I use lightroom and there is a little dropper that you can place over into your image and it locks into the correct white balance pretty consistently. But you need the right subject to take advantage of this. Someone here said it and it works amazingly. A white styrofoam cup. Bam. Run the dropper over that and perfect. Then copy the setting to the other images that were taken under that same light. 

As for the purpose of white balance... if you have the wrong setting, it will look too blue, too green, too red, or too yellow. All of which can ruin a photo. 

I have been shooting in Raw the past 6 months. So someone correct me if I'm wrong, but white balance only affects the jpg image... I think. So if you are shooting in raw, it won't matter.


----------



## jdramirez (May 31, 2013)

But to answer your actually question...

Go to your white balance option and go over to where it says kelvin. I think I put the camera into live view and then I adjust it and try and find where the grey card looks like what is in the lcd. 

That's it. You have your setting and all is well with the world.


----------



## dmills (May 31, 2013)

jdramirez said:


> I have been shooting in Raw the past 6 months. So someone correct me if I'm wrong, but white balance only affects the jpg image... I think. So if you are shooting in raw, it won't matter.

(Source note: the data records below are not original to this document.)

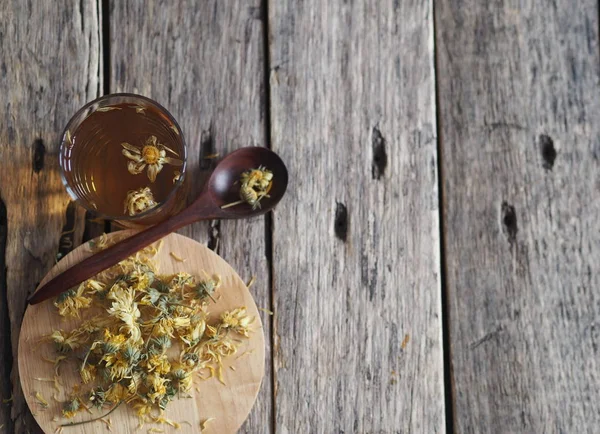 Сушені квіти календула і зварений лікувальний чай на дерев'яному старовинному столі. Збирання на зиму . — стокове фото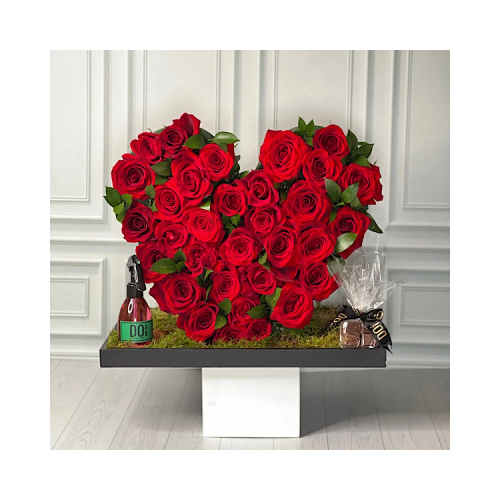 Roro - This heart shaped stand contains red roses and 150ml spray with chocolates.  Height: 40cm  Width: 45cm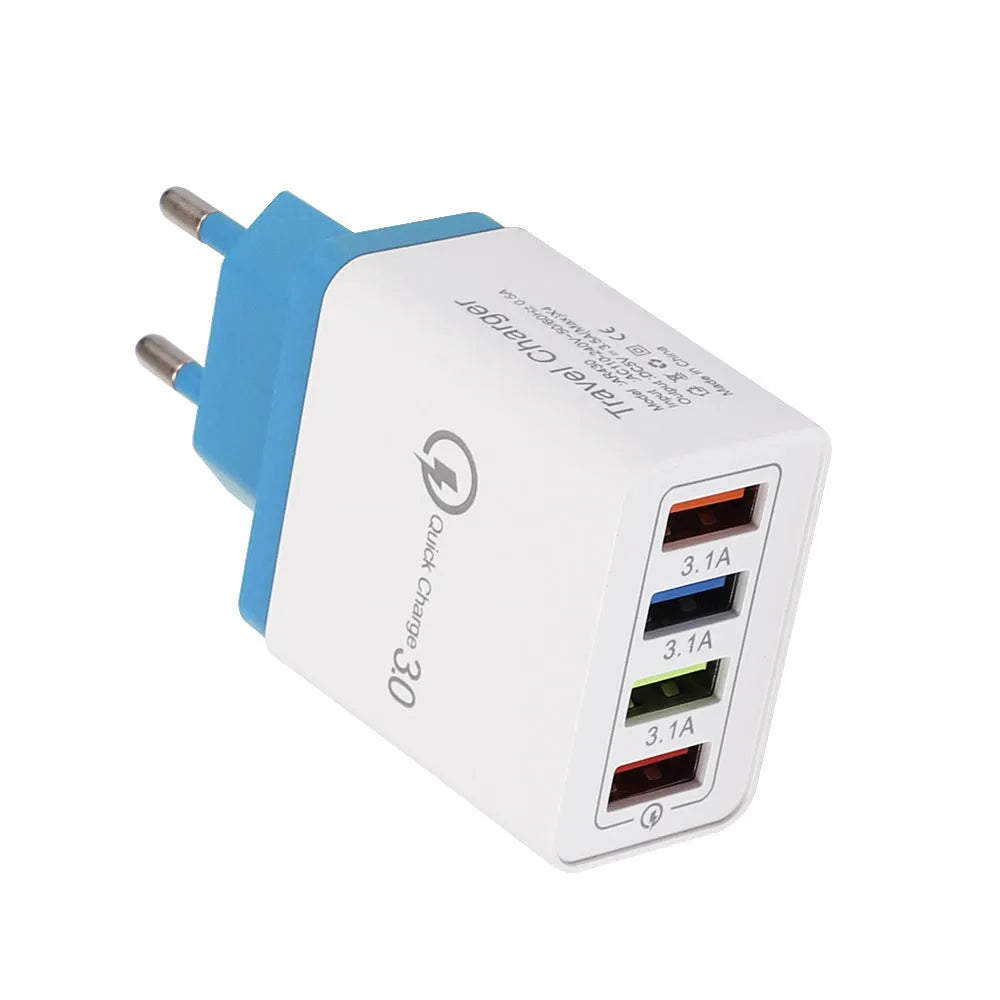 Dark blue 4-port USB wall charger with EU plug next to mobile phone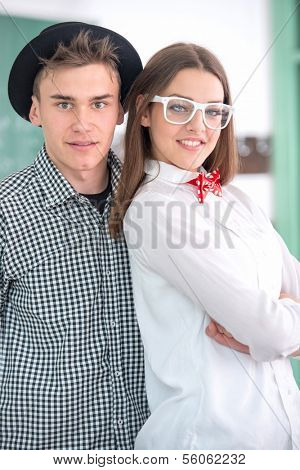 Smiling classmates posing together in schoolroom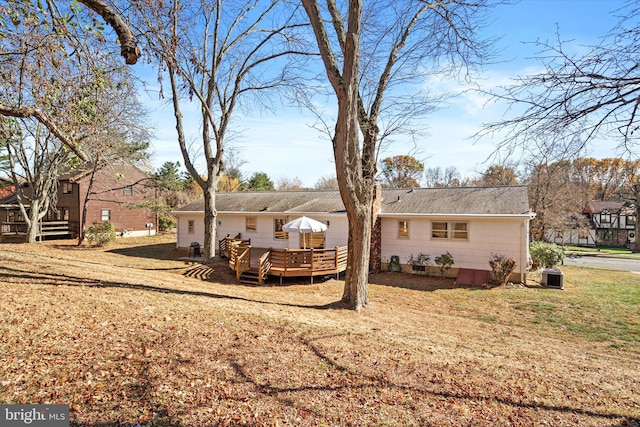 rear view of house featuring a yard and a wooden deck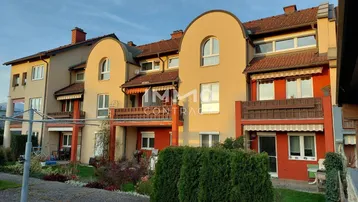 Mehrfamilienhaus mit mehreren Balkonen und gepflegter Gartenanlage bei Sonnenuntergang.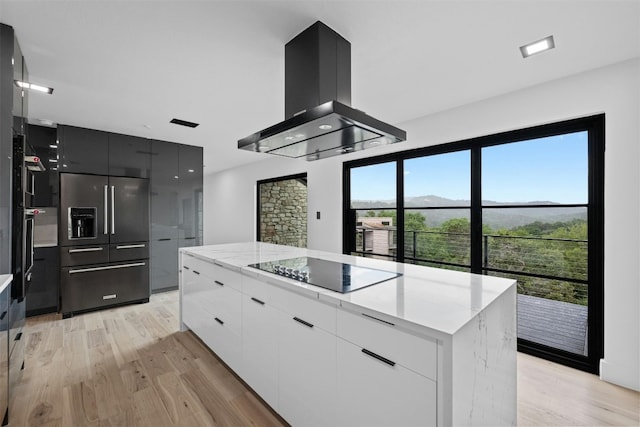 kitchen with black electric stovetop, island range hood, built in fridge, white cabinetry, and a wealth of natural light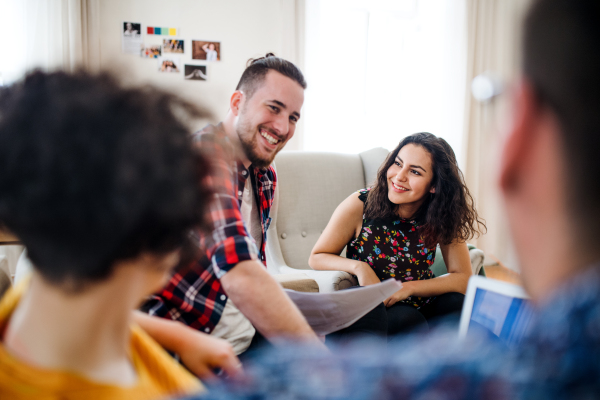 A group of young cheerful friends with laptop sitting at table indoors, house sharing concept.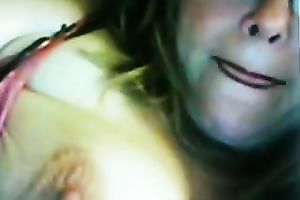 Lewd fair-haired milf licks her big jugs in front of a livecam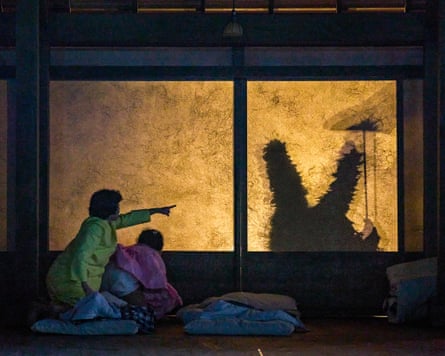 A female actor points at a silhouette on a window.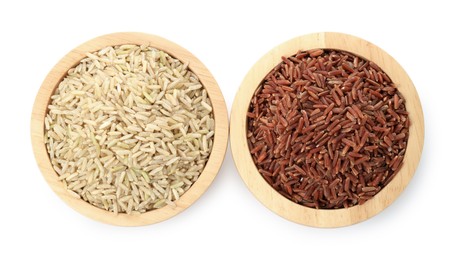 Photo of Different sorts of raw brown rice isolated on white, top view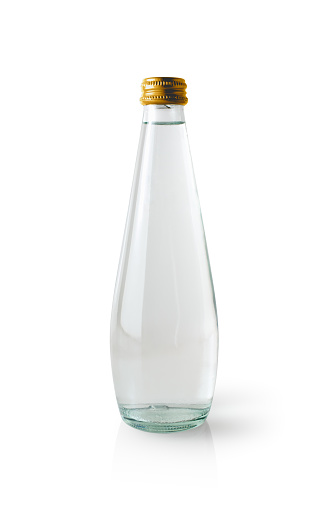 Glass bottle of water isolated on white background.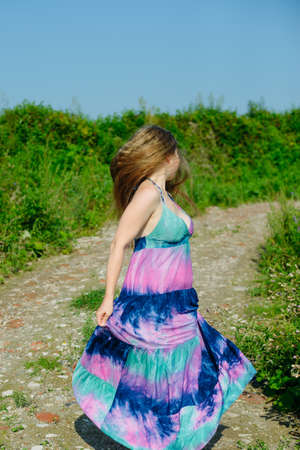 white caucasian blonde girl with colorful long dress dances on a dirt road in fieldの写真素材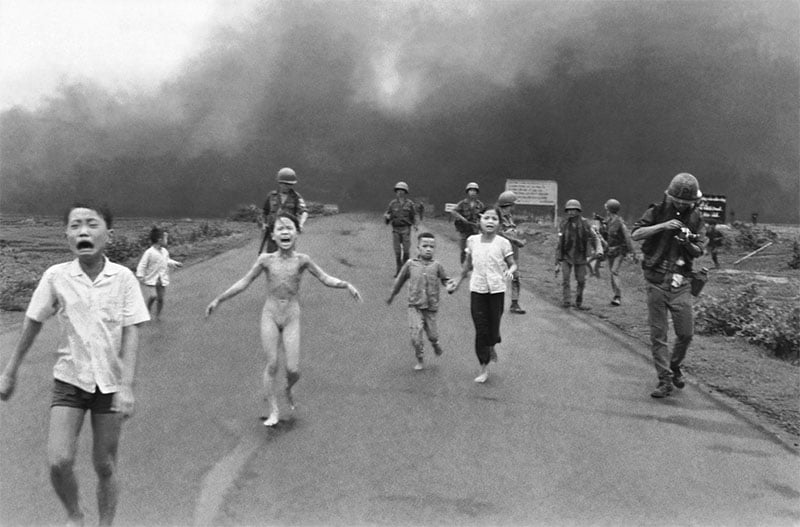 A historical black-and-white photo showing a group of children and adults running on a road. one child appears particularly distressed. smoke billows in the background, and soldiers walk behind.
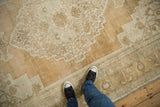 Distressed Oushak carpet with faded decorative patterns and mostly even low pile wear.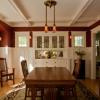 Dining room had lost most of its original features except  built-in buffet.  Windows on each side may have rested on a plate rail, so we added one with wainscoting below. A drywall ceiling was removed to uncover box beams.  Door and window cornices and arch in bay window were also added.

You're (mostly) correct. The small caveat is that if you're shooting in the wrong white balance mode for RAW, it means that you MUST go back and change it in post-production. While that's not difficult to do, if you're in a location where you can set it, and it just looks good from the beginning, it's one less thing you have to do in post production. Another minor advantage is that if you're working with models/clients where you're occasionally showing your image to them from the back of your camera, it's nicer to have it look better (ie. with correct-ish white balance). That being said, white balance can be fully set in post production when shooting RAW, whereas it's "burned in" when shooting jpg.


----------



## tdrive (May 31, 2013)

This works for me on my 60D

Take a photo of a white object (A4 paper ok)

Under menu 2, select-custom white balance

Import the picture you took and select ok

Under the second tab in menu, select-white balance-custom

After, DON’T FORGET return white balance to what it was originally on.


----------



## jdramirez (May 31, 2013)

tdrive said:


> This works for me on my 60D
> 
> Take a photo of a white object (A4 paper ok)
> 
> ...



That's sad that I've had my 60D for 2 years and never knew you could do that. Nice tip. But now that I shoot in raw... it is less of consequence... but it reminds me that I really should know my gear better rather than just rely on lightroom in pp.


----------



## omar (May 31, 2013)

guys thanks for the replies
i'm try some of the steps mentioned above
the bit i'm not sure about is importing the image - what do u mean? how do i do that
(ok - i've only had the 60D a short time - so a little clueless)
thanks in advance


----------



## tdrive (May 31, 2013)

Under menu 2, (2nd from left)select-custom white balance. It will ask you which picture you want to import


----------



## Dick (May 31, 2013)

dmills said:


> white balance can be fully set in post production when shooting RAW, whereas it's "burned in" when shooting jpg.



Then again, I have never had any problems changing white balance in post with jpg files either. Aperture has the same sliders for RAW and jpg and they work the same way.


----------



## Skulker (May 31, 2013)

omar said:


> guys thanks for the replies
> i'm try some of the steps mentioned above
> the bit i'm not sure about is importing the image - what do u mean? how do i do that
> (ok - i've only had the 60D a short time - so a little clueless)
> thanks in advance



If all else fails you could try reading the user manual.


----------



## preppyak (May 31, 2013)

dmills said:


> You're (mostly) correct. The small caveat is that if you're shooting in the wrong white balance mode for RAW, it means that you MUST go back and change it in post-production.


I will say, even shooting in RAW, I'd have a few shots that were nearly impossible to correct in post becaue the colors were so far off. They all came from the awful fluorescent lights they have in schools, but, it's definitely advisable to at least use one of the presets to get close to the correct WB for a scene. If you're coming up with Kelvin values in the 3-4000 range on a scene that needs 7000, it's not as easy to correct


----------